Plant, equipment, fixtures and motor vehicles are stated in the balance sheet at
cost, less depreciation. Depreciation is charged on a straight line basis at the
following annual rates: plant and equipment 25%, fixtures and fittings 20% and
motor vehicles 25%.
Intangible assets - mineral property development costs
Intangible assets are stated in the balance sheet at cost, less amounts written
off and provisions for impairment.
Costs incurred prior to obtaining the legal rights to explore a mineral property
are expensed immediately to the income statement. Mineral property development
costs are capitalised until the results of the projects, which are usually based
on geographical areas, are known. Mineral property development costs include an
allocation of administrative and management costs as determined appropriate to
the project by management.
Where a project is successful, the related exploration costs are written off
over the life of the estimated mineral reserve on a unit of production basis.

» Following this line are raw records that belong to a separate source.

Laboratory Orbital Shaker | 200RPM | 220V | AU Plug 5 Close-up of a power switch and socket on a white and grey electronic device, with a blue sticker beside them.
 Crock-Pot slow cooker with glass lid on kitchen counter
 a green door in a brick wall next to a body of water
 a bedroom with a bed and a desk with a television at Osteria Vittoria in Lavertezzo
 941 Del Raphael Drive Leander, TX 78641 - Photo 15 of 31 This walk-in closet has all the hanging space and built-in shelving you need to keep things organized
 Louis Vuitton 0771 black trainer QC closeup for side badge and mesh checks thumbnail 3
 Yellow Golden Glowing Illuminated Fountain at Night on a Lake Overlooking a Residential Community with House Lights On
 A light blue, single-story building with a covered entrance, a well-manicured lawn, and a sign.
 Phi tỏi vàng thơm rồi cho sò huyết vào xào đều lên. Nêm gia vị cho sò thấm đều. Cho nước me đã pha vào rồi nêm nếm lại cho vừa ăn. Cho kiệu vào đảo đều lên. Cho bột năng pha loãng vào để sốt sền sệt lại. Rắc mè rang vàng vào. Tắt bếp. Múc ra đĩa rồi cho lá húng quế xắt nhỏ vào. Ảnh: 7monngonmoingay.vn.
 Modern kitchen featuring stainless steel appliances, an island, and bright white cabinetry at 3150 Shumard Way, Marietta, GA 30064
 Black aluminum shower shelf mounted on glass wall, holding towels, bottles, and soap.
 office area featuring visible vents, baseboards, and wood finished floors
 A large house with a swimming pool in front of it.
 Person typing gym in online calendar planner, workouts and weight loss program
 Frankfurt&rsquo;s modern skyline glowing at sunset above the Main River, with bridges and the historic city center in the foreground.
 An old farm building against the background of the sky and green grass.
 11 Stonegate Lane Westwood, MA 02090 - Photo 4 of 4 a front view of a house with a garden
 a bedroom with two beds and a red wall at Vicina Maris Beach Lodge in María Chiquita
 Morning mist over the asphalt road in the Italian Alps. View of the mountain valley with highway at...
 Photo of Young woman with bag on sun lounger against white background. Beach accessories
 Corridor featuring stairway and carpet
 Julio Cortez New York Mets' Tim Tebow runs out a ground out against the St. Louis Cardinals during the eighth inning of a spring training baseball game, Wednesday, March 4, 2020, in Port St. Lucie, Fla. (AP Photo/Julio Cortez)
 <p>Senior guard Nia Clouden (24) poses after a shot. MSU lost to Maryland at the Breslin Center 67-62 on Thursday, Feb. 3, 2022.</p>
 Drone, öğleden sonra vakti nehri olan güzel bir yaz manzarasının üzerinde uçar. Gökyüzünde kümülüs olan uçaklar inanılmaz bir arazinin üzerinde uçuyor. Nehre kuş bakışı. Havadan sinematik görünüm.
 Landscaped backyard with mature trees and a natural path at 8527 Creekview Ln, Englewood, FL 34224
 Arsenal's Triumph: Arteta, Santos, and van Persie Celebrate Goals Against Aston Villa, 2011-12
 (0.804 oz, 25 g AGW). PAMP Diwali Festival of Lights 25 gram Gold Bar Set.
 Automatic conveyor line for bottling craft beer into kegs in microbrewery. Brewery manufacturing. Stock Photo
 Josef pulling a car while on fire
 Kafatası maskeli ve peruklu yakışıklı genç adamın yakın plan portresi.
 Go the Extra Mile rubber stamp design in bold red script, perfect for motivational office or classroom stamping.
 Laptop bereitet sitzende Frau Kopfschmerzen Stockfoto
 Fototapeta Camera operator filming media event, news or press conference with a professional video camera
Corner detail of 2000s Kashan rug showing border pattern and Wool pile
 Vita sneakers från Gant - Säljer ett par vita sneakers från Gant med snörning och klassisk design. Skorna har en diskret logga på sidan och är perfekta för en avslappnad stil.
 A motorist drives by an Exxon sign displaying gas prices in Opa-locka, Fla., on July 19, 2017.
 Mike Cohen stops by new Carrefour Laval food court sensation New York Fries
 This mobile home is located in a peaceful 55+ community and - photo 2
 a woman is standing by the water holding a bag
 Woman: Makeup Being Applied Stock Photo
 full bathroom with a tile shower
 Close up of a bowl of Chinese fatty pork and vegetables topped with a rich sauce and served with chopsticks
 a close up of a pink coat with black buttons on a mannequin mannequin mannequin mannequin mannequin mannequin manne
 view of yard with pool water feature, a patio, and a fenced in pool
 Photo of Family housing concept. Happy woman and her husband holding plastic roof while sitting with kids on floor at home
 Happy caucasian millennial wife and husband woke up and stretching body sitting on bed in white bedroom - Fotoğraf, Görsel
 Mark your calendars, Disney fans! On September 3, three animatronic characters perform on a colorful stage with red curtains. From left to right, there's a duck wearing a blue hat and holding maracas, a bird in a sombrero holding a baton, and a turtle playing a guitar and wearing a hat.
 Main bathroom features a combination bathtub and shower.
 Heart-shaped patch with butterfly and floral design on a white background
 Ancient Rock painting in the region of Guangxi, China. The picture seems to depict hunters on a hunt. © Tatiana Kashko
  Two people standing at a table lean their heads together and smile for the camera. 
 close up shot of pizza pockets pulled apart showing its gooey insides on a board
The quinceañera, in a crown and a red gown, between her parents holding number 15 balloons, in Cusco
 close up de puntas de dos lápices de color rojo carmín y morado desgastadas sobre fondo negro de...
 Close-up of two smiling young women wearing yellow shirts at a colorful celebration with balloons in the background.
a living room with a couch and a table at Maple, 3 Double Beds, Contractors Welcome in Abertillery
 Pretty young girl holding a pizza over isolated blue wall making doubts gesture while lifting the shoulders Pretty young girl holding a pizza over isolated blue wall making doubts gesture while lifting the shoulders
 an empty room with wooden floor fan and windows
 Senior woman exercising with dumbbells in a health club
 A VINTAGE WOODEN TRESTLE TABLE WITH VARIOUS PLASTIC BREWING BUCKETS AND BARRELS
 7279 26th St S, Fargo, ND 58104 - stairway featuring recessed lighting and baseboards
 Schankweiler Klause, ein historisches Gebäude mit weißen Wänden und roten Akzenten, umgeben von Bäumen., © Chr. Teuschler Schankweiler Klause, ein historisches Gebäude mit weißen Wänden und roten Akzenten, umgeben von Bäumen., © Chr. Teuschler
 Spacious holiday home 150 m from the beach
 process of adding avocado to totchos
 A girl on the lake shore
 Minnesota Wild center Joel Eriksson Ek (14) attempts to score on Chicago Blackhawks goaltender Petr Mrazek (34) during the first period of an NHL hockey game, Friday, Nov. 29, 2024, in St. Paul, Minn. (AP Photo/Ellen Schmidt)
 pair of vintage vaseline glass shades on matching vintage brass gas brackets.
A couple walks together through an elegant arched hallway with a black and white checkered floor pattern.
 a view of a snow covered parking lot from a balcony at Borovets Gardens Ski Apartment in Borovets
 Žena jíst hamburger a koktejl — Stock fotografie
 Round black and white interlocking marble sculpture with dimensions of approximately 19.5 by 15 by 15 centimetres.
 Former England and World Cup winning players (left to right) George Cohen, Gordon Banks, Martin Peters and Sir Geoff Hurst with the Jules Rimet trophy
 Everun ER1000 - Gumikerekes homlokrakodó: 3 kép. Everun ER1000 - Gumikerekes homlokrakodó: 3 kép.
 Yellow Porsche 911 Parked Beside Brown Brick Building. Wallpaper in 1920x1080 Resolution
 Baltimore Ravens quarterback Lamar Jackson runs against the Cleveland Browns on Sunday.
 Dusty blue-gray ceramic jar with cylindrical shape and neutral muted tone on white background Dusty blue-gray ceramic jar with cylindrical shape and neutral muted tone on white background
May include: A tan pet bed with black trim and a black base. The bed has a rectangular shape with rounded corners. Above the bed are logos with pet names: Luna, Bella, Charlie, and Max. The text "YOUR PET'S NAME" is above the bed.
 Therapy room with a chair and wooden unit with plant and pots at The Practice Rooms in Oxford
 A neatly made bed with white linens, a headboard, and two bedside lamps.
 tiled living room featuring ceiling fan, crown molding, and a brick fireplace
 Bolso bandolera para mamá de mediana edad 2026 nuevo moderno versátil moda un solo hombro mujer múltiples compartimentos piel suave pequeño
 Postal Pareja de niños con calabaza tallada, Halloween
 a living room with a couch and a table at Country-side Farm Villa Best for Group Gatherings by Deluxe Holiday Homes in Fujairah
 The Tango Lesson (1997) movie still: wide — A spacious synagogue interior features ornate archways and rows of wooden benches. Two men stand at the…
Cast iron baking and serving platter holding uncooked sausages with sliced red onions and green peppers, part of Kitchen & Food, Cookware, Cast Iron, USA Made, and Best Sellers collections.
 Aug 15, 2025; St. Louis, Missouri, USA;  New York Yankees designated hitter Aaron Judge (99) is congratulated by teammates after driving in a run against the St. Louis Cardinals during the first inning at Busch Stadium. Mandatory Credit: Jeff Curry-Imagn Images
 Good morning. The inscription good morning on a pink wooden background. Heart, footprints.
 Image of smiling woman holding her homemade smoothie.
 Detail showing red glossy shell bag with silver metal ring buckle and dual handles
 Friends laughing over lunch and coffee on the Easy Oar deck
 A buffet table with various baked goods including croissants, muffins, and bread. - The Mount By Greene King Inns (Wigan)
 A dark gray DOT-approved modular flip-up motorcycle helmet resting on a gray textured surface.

Where a project is terminated, the related exploration costs are written off
immediately. Where no internally-generated intangible asset can be recognised,
development expenditure is recognised as an expense in the period in which it is
incurred.
Impairment of tangible and intangible assets
Mineral properties are written down when any impairment in their value has
occurred and are written off when abandoned. Where a provision is made or
reversed it is dealt with in the income statement in the period in which it
arises.
Investment in associates
An associate is an entity over which the group exercises, or is in a position to
exercise, significant influence, but not control or joint control, through
participation in the financial or operating policy of the investee. In
considering the degree of control, any options or warrants over ordinary shares
which are capable of being exercised at the period end are taken into
consideration.
Where material, the results and assets and liabilities of associates are
incorporated in the financial statements using the equity method of accounting,
except when these associates are classified as held for sale. Investments in
associates are carried in the balance sheet at cost adjusted by any material
post-acquisition changes in the net assets of the associates, less any
impairment of value in the individual investments.
New accounting standards
The group and company have not applied the following IFRSs and IFRICs that have
been issued and are applicable but are not yet effective: IAS1 Presentation of
Financial Statements - Revised (effective 1 January 2009); IAS 27, Consolidated
and Separate Financial Statements, revised 2008 (effective 1 July 2009); IAS 32,
Financial Instruments: Presentation, revised 2008 (effective 1 January 2009);
IFRS2 Share-based Payments - Vesting Conditions and Cancellations (effective 1
January 2009) and IFRS 8, Operating Segments (effective 1 January 2009). The
group is evaluating the impact that these standards will have on the group's
financial statements, if any.
Judgements made in applying accounting policies and key sources of estimation
uncertainty
The following critical judgements have been made in the process of applying the
group's accounting policies:
(a) The directors' believe, after careful consideration, that the group does
not, as a matter of fact, control the activities and operations of Labrador Iron
Mines Holdings Limited (LIM), and that the correct accounting treatment of this
interest is to account for it on an equity basis as an associate company. In any
event, although the group currently has a 50.1% ownership share in LIM, there
are outstanding exercisable warrants and options which if exercised would reduce
the group's voting control to approximately 40% and under these circumstances
the directors believe that the use of equity accounting is appropriate.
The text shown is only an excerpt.